------ Data listing

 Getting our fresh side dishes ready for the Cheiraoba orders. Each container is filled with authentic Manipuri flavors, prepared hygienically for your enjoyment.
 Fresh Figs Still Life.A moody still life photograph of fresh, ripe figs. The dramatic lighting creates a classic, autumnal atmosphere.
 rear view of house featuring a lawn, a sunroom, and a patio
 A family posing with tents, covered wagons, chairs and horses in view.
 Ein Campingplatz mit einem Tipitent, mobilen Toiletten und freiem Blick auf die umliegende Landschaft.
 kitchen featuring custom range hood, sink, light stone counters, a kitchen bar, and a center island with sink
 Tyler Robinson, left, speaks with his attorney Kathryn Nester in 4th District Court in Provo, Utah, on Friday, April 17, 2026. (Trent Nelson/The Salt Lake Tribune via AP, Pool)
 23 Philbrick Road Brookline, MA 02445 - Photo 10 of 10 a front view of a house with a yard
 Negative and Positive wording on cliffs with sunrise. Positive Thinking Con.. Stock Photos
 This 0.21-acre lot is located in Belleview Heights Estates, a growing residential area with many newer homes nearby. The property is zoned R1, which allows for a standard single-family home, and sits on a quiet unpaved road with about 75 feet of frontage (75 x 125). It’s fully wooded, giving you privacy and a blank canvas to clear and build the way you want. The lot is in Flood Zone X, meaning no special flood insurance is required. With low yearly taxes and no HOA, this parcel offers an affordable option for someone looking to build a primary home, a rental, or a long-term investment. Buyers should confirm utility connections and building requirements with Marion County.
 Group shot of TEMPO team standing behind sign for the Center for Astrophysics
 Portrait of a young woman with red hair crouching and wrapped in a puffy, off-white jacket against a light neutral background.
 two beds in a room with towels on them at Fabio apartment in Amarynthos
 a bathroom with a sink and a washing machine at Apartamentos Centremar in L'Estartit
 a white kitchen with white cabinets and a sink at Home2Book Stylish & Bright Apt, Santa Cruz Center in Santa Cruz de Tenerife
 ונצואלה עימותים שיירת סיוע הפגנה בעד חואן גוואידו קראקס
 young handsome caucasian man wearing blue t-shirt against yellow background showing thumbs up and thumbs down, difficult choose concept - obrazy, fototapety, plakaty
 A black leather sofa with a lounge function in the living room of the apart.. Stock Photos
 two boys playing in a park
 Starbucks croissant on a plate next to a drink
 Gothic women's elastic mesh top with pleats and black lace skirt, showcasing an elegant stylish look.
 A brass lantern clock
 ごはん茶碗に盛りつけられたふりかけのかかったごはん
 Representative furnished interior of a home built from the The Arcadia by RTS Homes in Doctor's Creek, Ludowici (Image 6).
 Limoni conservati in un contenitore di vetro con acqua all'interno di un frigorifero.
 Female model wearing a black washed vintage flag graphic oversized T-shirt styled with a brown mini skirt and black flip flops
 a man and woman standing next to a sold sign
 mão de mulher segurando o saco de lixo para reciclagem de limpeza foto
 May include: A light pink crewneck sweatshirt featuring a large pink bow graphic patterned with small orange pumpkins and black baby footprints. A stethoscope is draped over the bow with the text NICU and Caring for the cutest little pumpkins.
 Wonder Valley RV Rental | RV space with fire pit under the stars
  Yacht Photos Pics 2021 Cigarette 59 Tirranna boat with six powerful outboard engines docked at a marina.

------------

Problem description:
Extract exactly and only the lines above from the line containing "23 Philbrick Road" through the line containing "Negative and Positive", both end lines included.

Completed exercise:
 23 Philbrick Road Brookline, MA 02445 - Photo 10 of 10 a front view of a house with a yard
 Negative and Positive wording on cliffs with sunrise. Positive Thinking Con.. Stock Photos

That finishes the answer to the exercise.